Istri Noel Ungkap Tahanan Lain Bertanya-tanya Saat Yaqut Tak Ada di Rutan KPK
Jakarta - Keberadaan mantan Menteri Agama Yaqut Cholil Qoumas yang menghilang dari Rutan KPK saat momen Lebaran menimbulkan tanda tanya di kalangan tahanan lain. Hal ini diungkap oleh Silvia Rinita Harefa, istri dari mantan Wakil Menteri Ketenagakerjaan Immanuel Ebenezer (Noel), usai menjenguk suaminya di Rutan KPK pada Sabtu (21/3/2026).
Kepergian Yaqut yang Misterius
Silvia menyatakan bahwa suaminya dan sesama tahanan KPK tidak melihat Yaqut sejak Kamis (19/3) malam. "Ini sih, tadi sih sempat nggak ngelihat Gus Yaqut ya. Infonya sih katanya keluar hari Kamis malam," kata Silvia.
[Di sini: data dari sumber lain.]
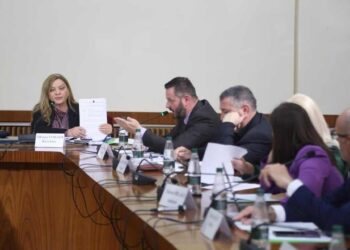 “Prokurorë alla-Enver këtu nuk ka”, Ndreca ironi me Vokshin: Një inxhiniere tekstile s’ma tregon dot ligjin!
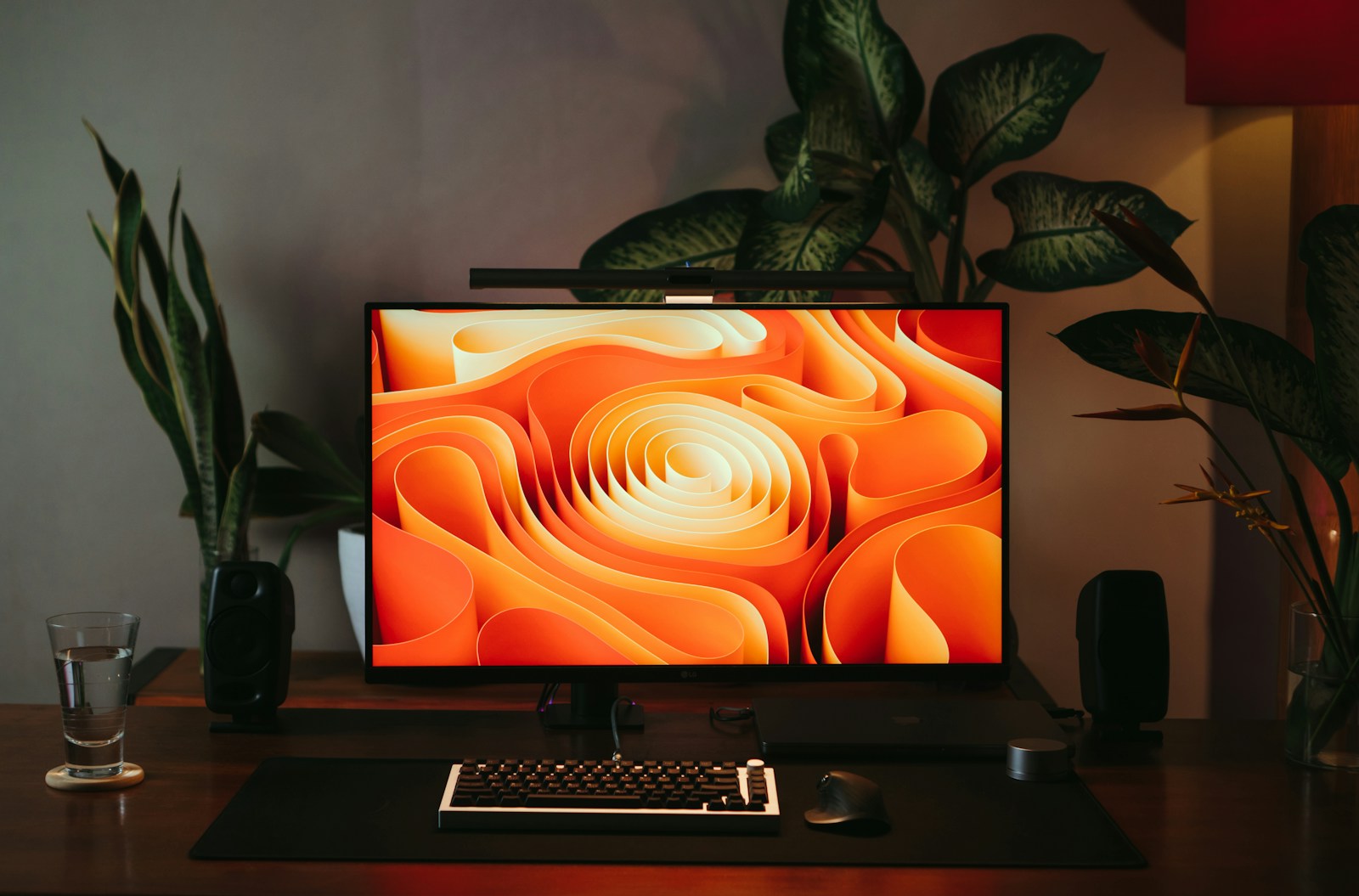 Remotas para quem tem Ensino Médio? 200 Oportunidades de Home Office!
Ia menambahkan bahwa semua tahanan sudah mengetahui ketidakhadiran Yaqut, namun mereka bertanya-tanya mengenai alasan di baliknya, terutama menjelang malam takbiran.
Berdasarkan kesaksian Noel kepada Silvia, Yaqut juga tidak terlihat saat para tahanan KPK menjalankan salat Id di rutan, meskipun KPK diketahui memfasilitasi ibadah tersebut bagi tahanan Muslim. "Infonya sih katanya mau diriksa ke depan, tapi salat Id kata orang-orang dalam ya, nggak ada, beliau nggak ada," ujar Silvia.
Penjelasan Resmi dari KPK
Juru Bicara KPK Budi Prasetyo kemudian mengklarifikasi bahwa status penahanan Yaqut telah beralih menjadi tahanan rumah sejak Kamis (19/3) malam. "Benar, Penyidik melakukan pengalihan jenis penahanan terhadap tersangka Saudara YCQ, dari penahanan di Rutan KPK menjadi tahanan rumah, sejak hari Kamis (19/3) malam kemarin," kata Budi kepada wartawan pada Sabtu (21/3).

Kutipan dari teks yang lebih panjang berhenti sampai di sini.